Russian businessman and financier (born 1972)

Mikail O. Shishkhanov (Russian: Микаил Османович Шишханов) is a Russian businessman and financier.

He was the main shareholder of Russian Binbank between 2017. At that time he had was worth $2.3 billion and took 44th place in the Russian ranking of Forbes magazine. In September 2017, the Russian central bank compulsory took over Binbank, resulting in Shishkhanov losing the bank and all his assets.

On July 3, 2023, the Arbitration Court of the Moscow Region declared him bankrupt. He was charged with a debt of 853 billion rubles. The court ordered the selling Shishkhanov's remaining property to cover the debt.

== Early life and education==
Mikail Shishkhanov was born on August 6, 1972, in Grozny (capital city of the Chechen Republic, Russia).

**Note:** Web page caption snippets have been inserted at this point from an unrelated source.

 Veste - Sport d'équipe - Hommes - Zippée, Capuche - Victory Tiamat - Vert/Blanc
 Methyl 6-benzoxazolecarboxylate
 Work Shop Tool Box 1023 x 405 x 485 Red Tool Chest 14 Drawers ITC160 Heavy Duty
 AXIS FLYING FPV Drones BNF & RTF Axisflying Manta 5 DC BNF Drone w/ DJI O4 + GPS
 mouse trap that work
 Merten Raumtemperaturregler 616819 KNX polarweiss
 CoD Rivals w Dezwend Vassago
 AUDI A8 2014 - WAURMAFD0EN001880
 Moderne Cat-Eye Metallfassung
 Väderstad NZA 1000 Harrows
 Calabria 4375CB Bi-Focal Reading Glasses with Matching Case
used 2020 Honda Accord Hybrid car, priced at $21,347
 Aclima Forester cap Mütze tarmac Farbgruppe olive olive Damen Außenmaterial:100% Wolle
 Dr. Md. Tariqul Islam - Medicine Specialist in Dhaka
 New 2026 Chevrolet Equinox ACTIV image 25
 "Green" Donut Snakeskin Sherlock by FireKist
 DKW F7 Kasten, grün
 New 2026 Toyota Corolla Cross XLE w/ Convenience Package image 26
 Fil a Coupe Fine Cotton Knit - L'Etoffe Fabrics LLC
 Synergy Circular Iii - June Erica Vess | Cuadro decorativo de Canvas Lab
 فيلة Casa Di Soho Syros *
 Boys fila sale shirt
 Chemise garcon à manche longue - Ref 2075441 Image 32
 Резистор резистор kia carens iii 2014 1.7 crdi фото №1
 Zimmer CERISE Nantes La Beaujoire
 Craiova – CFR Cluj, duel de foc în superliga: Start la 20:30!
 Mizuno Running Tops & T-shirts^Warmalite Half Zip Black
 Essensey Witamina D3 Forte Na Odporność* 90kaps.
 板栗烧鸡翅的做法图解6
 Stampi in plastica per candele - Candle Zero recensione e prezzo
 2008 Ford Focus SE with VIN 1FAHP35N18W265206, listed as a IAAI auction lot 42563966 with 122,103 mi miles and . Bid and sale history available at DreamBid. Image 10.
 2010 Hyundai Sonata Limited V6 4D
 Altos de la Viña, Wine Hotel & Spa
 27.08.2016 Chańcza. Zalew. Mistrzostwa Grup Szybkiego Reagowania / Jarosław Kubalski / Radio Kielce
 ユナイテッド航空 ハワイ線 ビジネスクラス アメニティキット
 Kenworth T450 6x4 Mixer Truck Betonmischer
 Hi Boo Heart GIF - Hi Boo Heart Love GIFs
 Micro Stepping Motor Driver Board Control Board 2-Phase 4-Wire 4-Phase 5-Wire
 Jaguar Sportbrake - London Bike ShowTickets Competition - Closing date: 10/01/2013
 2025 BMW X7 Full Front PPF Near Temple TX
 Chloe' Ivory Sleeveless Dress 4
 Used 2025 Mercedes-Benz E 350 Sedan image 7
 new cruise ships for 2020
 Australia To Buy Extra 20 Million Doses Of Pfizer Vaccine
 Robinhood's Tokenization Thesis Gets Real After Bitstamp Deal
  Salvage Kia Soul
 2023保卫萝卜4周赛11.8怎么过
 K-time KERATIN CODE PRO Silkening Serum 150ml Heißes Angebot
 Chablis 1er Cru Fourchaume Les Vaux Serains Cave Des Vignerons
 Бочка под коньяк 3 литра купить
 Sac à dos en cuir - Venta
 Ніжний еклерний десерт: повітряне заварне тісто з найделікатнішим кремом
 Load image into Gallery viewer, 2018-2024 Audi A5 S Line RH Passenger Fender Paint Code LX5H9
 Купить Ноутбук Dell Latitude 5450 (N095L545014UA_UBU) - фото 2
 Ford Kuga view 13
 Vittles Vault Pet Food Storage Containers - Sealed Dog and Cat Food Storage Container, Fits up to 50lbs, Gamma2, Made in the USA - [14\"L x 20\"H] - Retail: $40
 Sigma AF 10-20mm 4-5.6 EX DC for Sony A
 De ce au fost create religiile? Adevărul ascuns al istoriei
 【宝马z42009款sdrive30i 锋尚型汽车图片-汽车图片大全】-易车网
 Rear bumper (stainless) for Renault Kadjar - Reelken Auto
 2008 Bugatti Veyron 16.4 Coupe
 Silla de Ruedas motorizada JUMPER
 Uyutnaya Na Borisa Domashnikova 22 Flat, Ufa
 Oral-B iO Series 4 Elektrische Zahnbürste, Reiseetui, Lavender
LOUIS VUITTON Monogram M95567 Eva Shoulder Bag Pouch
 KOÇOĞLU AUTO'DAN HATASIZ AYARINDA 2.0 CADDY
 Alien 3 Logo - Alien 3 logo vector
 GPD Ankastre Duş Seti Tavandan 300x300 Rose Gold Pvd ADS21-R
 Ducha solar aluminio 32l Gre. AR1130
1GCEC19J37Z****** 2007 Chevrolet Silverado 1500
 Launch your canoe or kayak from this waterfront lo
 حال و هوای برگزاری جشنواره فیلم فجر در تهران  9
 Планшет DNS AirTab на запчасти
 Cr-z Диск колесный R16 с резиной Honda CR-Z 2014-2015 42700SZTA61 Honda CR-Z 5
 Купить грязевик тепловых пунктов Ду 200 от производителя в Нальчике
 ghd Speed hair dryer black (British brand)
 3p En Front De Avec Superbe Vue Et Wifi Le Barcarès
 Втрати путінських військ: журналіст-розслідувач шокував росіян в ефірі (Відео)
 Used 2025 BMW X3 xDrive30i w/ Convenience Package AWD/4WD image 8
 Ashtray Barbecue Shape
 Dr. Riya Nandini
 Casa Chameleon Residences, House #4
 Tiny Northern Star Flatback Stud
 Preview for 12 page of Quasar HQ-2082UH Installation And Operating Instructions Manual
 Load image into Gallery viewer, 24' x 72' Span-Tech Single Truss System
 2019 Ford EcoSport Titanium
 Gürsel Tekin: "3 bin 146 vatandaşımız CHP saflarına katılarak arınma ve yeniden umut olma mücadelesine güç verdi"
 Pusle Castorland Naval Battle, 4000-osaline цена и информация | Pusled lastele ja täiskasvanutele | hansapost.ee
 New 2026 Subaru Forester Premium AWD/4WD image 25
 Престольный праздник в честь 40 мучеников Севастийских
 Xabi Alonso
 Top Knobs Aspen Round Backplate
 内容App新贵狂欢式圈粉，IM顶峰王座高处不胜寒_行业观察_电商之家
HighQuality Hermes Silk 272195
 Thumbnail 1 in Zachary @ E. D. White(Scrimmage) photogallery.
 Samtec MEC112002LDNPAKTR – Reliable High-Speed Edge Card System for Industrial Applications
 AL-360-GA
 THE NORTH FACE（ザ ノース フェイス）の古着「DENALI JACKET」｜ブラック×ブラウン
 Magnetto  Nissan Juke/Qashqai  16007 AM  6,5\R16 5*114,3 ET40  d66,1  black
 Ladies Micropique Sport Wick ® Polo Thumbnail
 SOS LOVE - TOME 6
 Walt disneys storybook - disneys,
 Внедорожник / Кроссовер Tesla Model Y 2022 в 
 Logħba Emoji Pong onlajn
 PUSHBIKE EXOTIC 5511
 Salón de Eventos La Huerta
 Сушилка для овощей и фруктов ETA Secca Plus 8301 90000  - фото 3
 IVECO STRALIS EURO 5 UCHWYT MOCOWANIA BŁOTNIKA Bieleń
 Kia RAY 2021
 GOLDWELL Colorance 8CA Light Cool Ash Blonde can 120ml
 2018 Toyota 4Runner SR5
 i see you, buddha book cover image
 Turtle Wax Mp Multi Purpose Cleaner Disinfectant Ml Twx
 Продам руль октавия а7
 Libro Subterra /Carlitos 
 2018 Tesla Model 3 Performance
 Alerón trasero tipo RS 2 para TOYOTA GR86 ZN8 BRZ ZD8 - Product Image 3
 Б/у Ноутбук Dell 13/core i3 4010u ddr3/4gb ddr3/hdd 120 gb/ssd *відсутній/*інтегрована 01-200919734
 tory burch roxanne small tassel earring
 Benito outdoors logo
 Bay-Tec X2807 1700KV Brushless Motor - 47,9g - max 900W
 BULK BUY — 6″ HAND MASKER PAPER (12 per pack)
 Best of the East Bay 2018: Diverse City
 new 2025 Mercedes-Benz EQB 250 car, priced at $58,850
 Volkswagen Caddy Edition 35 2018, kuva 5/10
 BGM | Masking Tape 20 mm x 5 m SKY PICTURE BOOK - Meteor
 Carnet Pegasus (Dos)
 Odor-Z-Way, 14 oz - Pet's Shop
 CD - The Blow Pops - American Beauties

In 1995 he graduated from Patrice Lumumba Peoples' Friendship University of Russia with a master's degree in economics and law and in 2000. Shishkhanov became a Doctor of Economics, a Ph.D. in law, and Associate Member of the Russian Academy of Natural Sciences.

He is married and has four children. His hobbies are chess and boxing.

== Career ==
Shishkhanov was the majority shareholder (59.4%) of B&N Bank (Public Joint-Stock Company) and the owner of ROST Bank until 2017.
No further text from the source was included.